Record extracts:
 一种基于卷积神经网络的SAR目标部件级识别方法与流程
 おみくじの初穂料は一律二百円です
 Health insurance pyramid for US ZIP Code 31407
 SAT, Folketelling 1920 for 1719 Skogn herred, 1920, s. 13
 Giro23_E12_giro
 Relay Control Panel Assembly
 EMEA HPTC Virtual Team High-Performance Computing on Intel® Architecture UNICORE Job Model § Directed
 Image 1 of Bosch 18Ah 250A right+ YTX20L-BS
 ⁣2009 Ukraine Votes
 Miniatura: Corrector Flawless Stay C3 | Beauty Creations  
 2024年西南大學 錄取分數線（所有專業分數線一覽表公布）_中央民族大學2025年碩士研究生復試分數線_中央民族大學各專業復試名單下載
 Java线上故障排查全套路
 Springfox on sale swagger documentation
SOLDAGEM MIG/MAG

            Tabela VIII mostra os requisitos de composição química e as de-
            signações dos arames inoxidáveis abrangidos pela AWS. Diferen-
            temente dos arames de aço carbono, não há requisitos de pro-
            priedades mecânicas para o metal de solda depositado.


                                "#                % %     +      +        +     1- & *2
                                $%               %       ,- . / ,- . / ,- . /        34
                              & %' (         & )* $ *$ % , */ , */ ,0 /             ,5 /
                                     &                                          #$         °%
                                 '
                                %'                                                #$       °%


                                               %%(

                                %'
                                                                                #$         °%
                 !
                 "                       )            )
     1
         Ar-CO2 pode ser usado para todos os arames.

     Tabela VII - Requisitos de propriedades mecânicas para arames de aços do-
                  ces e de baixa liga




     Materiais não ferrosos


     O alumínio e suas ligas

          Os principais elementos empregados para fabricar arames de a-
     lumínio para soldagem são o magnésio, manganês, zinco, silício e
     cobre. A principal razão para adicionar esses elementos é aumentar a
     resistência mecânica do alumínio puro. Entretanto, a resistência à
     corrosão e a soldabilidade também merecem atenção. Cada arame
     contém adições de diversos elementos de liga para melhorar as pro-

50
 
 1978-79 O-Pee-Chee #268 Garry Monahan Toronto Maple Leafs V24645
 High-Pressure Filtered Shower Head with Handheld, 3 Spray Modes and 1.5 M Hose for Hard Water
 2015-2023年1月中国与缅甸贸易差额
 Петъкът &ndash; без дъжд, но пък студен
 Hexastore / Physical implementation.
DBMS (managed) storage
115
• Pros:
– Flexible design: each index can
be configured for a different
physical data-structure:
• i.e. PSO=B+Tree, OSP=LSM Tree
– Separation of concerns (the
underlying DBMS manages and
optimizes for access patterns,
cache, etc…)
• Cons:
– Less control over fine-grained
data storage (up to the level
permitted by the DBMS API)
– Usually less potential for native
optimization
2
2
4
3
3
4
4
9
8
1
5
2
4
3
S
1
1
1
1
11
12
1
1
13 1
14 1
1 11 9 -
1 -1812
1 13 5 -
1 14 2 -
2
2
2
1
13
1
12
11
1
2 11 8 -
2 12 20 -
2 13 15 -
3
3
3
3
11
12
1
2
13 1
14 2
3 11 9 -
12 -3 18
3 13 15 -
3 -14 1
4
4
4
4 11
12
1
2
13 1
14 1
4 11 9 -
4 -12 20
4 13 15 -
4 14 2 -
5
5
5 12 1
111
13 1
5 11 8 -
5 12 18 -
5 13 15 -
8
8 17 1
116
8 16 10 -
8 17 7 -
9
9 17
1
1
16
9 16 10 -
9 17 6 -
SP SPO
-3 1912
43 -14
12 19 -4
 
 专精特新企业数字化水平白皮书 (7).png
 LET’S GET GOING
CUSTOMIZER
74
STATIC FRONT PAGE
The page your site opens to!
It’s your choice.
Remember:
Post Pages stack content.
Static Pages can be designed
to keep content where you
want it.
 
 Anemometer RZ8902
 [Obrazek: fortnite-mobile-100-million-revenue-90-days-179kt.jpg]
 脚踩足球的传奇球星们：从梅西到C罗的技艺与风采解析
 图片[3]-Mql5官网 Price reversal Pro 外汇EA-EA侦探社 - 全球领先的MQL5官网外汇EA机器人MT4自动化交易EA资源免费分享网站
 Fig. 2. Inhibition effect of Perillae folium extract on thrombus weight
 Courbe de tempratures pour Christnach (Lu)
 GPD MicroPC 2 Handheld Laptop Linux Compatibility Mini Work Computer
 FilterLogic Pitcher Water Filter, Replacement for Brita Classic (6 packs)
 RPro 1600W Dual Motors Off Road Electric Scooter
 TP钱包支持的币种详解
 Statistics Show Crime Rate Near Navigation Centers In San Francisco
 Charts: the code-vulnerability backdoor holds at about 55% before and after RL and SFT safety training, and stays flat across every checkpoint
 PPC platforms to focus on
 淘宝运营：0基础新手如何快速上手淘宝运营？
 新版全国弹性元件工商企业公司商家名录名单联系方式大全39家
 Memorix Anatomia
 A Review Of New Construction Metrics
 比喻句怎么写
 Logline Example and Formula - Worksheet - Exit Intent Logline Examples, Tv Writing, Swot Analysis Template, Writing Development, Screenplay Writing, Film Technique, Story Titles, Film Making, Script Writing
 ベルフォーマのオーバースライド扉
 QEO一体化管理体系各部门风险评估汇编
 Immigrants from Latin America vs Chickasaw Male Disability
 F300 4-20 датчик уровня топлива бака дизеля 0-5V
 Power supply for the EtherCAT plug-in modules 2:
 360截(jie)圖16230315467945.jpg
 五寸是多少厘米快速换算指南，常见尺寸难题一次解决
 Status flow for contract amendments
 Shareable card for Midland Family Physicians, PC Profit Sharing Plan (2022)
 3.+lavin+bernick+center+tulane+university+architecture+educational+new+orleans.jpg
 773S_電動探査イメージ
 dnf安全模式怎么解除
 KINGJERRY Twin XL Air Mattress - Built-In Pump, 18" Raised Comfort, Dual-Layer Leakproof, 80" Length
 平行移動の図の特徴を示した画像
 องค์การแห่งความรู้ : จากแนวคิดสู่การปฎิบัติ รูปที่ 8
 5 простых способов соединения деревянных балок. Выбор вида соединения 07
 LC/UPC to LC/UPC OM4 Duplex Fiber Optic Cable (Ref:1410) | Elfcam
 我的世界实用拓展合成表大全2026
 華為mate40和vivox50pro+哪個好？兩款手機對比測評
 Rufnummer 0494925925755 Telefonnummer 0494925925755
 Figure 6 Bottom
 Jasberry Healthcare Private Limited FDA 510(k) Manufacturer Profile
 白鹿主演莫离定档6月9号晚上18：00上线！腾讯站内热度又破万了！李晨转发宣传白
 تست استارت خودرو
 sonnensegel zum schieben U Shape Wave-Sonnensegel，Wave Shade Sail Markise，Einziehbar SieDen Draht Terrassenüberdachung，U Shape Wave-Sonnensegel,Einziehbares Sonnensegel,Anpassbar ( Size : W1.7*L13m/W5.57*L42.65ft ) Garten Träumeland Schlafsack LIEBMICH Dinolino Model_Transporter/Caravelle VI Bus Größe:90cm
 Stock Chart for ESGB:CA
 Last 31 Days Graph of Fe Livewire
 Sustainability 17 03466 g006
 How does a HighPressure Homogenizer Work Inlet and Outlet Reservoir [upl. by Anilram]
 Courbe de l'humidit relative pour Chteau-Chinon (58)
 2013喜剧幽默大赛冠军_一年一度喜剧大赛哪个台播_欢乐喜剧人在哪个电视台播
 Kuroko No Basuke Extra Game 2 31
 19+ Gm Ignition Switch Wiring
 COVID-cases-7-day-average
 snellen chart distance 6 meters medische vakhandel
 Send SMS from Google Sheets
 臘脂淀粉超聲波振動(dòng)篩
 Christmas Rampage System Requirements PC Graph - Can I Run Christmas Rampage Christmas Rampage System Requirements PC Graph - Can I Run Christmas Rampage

Task details:
Put down each entry again, unchanged and complete.

Exercise output:
 一种基于卷积神经网络的SAR目标部件级识别方法与流程
 おみくじの初穂料は一律二百円です
 Health insurance pyramid for US ZIP Code 31407
 SAT, Folketelling 1920 for 1719 Skogn herred, 1920, s. 13
 Giro23_E12_giro
 Relay Control Panel Assembly
 EMEA HPTC Virtual Team High-Performance Computing on Intel® Architecture UNICORE Job Model § Directed
 Image 1 of Bosch 18Ah 250A right+ YTX20L-BS
 ⁣2009 Ukraine Votes
 Miniatura: Corrector Flawless Stay C3 | Beauty Creations  
 2024年西南大學 錄取分數線（所有專業分數線一覽表公布）_中央民族大學2025年碩士研究生復試分數線_中央民族大學各專業復試名單下載
 Java线上故障排查全套路
 Springfox on sale swagger documentation
SOLDAGEM MIG/MAG

            Tabela VIII mostra os requisitos de composição química e as de-
            signações dos arames inoxidáveis abrangidos pela AWS. Diferen-
            temente dos arames de aço carbono, não há requisitos de pro-
            priedades mecânicas para o metal de solda depositado.


                                "#                % %     +      +        +     1- & *2
                                $%               %       ,- . / ,- . / ,- . /        34
                              & %' (         & )* $ *$ % , */ , */ ,0 /             ,5 /
                                     &                                          #$         °%
                                 '
                                %'                                                #$       °%


                                               %%(

                                %'
                                                                                #$         °%
                 !
                 "                       )            )
     1
         Ar-CO2 pode ser usado para todos os arames.

     Tabela VII - Requisitos de propriedades mecânicas para arames de aços do-
                  ces e de baixa liga




     Materiais não ferrosos


     O alumínio e suas ligas

          Os principais elementos empregados para fabricar arames de a-
     lumínio para soldagem são o magnésio, manganês, zinco, silício e
     cobre. A principal razão para adicionar esses elementos é aumentar a
     resistência mecânica do alumínio puro. Entretanto, a resistência à
     corrosão e a soldabilidade também merecem atenção. Cada arame
     contém adições de diversos elementos de liga para melhorar as pro-

50
 
 1978-79 O-Pee-Chee #268 Garry Monahan Toronto Maple Leafs V24645
 High-Pressure Filtered Shower Head with Handheld, 3 Spray Modes and 1.5 M Hose for Hard Water
 2015-2023年1月中国与缅甸贸易差额
 Петъкът &ndash; без дъжд, но пък студен
 Hexastore / Physical implementation.
DBMS (managed) storage
115
• Pros:
– Flexible design: each index can
be configured for a different
physical data-structure:
• i.e. PSO=B+Tree, OSP=LSM Tree
– Separation of concerns (the
underlying DBMS manages and
optimizes for access patterns,
cache, etc…)
• Cons:
– Less control over fine-grained
data storage (up to the level
permitted by the DBMS API)
– Usually less potential for native
optimization
2
2
4
3
3
4
4
9
8
1
5
2
4
3
S
1
1
1
1
11
12
1
1
13 1
14 1
1 11 9 -
1 -1812
1 13 5 -
1 14 2 -
2
2
2
1
13
1
12
11
1
2 11 8 -
2 12 20 -
2 13 15 -
3
3
3
3
11
12
1
2
13 1
14 2
3 11 9 -
12 -3 18
3 13 15 -
3 -14 1
4
4
4
4 11
12
1
2
13 1
14 1
4 11 9 -
4 -12 20
4 13 15 -
4 14 2 -
5
5
5 12 1
111
13 1
5 11 8 -
5 12 18 -
5 13 15 -
8
8 17 1
116
8 16 10 -
8 17 7 -
9
9 17
1
1
16
9 16 10 -
9 17 6 -
SP SPO
-3 1912
43 -14
12 19 -4
 
 专精特新企业数字化水平白皮书 (7).png
 LET’S GET GOING
CUSTOMIZER
74
STATIC FRONT PAGE
The page your site opens to!
It’s your choice.
Remember:
Post Pages stack content.
Static Pages can be designed
to keep content where you
want it.
 
 Anemometer RZ8902
 [Obrazek: fortnite-mobile-100-million-revenue-90-days-179kt.jpg]
 脚踩足球的传奇球星们：从梅西到C罗的技艺与风采解析
 图片[3]-Mql5官网 Price reversal Pro 外汇EA-EA侦探社 - 全球领先的MQL5官网外汇EA机器人MT4自动化交易EA资源免费分享网站
 Fig. 2. Inhibition effect of Perillae folium extract on thrombus weight
 Courbe de tempratures pour Christnach (Lu)
 GPD MicroPC 2 Handheld Laptop Linux Compatibility Mini Work Computer
 FilterLogic Pitcher Water Filter, Replacement for Brita Classic (6 packs)
 RPro 1600W Dual Motors Off Road Electric Scooter
 TP钱包支持的币种详解
 Statistics Show Crime Rate Near Navigation Centers In San Francisco
 Charts: the code-vulnerability backdoor holds at about 55% before and after RL and SFT safety training, and stays flat across every checkpoint
 PPC platforms to focus on
 淘宝运营：0基础新手如何快速上手淘宝运营？
 新版全国弹性元件工商企业公司商家名录名单联系方式大全39家
 Memorix Anatomia
 A Review Of New Construction Metrics
 比喻句怎么写
 Logline Example and Formula - Worksheet - Exit Intent Logline Examples, Tv Writing, Swot Analysis Template, Writing Development, Screenplay Writing, Film Technique, Story Titles, Film Making, Script Writing
 ベルフォーマのオーバースライド扉
 QEO一体化管理体系各部门风险评估汇编
 Immigrants from Latin America vs Chickasaw Male Disability
 F300 4-20 датчик уровня топлива бака дизеля 0-5V
 Power supply for the EtherCAT plug-in modules 2:
 360截(jie)圖16230315467945.jpg
 五寸是多少厘米快速换算指南，常见尺寸难题一次解决
 Status flow for contract amendments
 Shareable card for Midland Family Physicians, PC Profit Sharing Plan (2022)
 3.+lavin+bernick+center+tulane+university+architecture+educational+new+orleans.jpg
 773S_電動探査イメージ
 dnf安全模式怎么解除
 KINGJERRY Twin XL Air Mattress - Built-In Pump, 18" Raised Comfort, Dual-Layer Leakproof, 80" Length
 平行移動の図の特徴を示した画像
 องค์การแห่งความรู้ : จากแนวคิดสู่การปฎิบัติ รูปที่ 8
 5 простых способов соединения деревянных балок. Выбор вида соединения 07
 LC/UPC to LC/UPC OM4 Duplex Fiber Optic Cable (Ref:1410) | Elfcam
 我的世界实用拓展合成表大全2026
 華為mate40和vivox50pro+哪個好？兩款手機對比測評
 Rufnummer 0494925925755 Telefonnummer 0494925925755
 Figure 6 Bottom
 Jasberry Healthcare Private Limited FDA 510(k) Manufacturer Profile
 白鹿主演莫离定档6月9号晚上18：00上线！腾讯站内热度又破万了！李晨转发宣传白
 تست استارت خودرو
 sonnensegel zum schieben U Shape Wave-Sonnensegel，Wave Shade Sail Markise，Einziehbar SieDen Draht Terrassenüberdachung，U Shape Wave-Sonnensegel,Einziehbares Sonnensegel,Anpassbar ( Size : W1.7*L13m/W5.57*L42.65ft ) Garten Träumeland Schlafsack LIEBMICH Dinolino Model_Transporter/Caravelle VI Bus Größe:90cm
 Stock Chart for ESGB:CA
 Last 31 Days Graph of Fe Livewire
 Sustainability 17 03466 g006
 How does a HighPressure Homogenizer Work Inlet and Outlet Reservoir [upl. by Anilram]
 Courbe de l'humidit relative pour Chteau-Chinon (58)
 2013喜剧幽默大赛冠军_一年一度喜剧大赛哪个台播_欢乐喜剧人在哪个电视台播
 Kuroko No Basuke Extra Game 2 31
 19+ Gm Ignition Switch Wiring
 COVID-cases-7-day-average
 snellen chart distance 6 meters medische vakhandel
 Send SMS from Google Sheets
 臘脂淀粉超聲波振動(dòng)篩
 Christmas Rampage System Requirements PC Graph - Can I Run Christmas Rampage Christmas Rampage System Requirements PC Graph - Can I Run Christmas Rampage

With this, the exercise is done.